Polychlorinated biphenyls (PCBs) are persistent organic pollutants that accumulate in soils, making their reliable determination in this complex matrix analytically challenging. This study presents the validation of a method based on ultrasound-assisted extraction (UAE) coupled with gas chromatography–mass spectrometry operating in selected ion monitoring mode (GC-MS-SIM) for the determination of 19 PCB congeners in soil samples. Method performance was evaluated in terms of selectivity, linearity, limits of detection and quantification, precision, and accuracy, demonstrating robust analytical performance for trace-level PCB determination.
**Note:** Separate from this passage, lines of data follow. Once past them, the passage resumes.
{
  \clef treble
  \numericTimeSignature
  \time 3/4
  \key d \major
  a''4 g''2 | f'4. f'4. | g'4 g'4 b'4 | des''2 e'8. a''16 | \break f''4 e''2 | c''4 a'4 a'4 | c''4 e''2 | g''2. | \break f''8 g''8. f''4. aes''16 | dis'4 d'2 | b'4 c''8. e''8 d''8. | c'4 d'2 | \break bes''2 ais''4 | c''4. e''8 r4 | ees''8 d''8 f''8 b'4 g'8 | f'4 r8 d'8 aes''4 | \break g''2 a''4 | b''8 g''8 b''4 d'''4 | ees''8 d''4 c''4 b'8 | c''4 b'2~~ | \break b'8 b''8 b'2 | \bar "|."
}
The obtained LODs ranged from 0.05 to 0.78 ng•g^-1. The validated method was applied to 92 soil samples collected from the Copșa Mică area (Romania) at two depth intervals (0–5 cm and 5–20 cm). Comparable ΣPCB concentrations were observed between the two soil layers, indicating a relatively uniform vertical distribution. Congener-specific analysis revealed the predominance of PCB 118 and PCB 187, while homologue distribution patterns were dominated by penta- and hepta-CBs. These results confirm the suitability of the validated method for PCB determination in soils and provide insight into congener- and homologue-level compositional patterns in real environmental samples.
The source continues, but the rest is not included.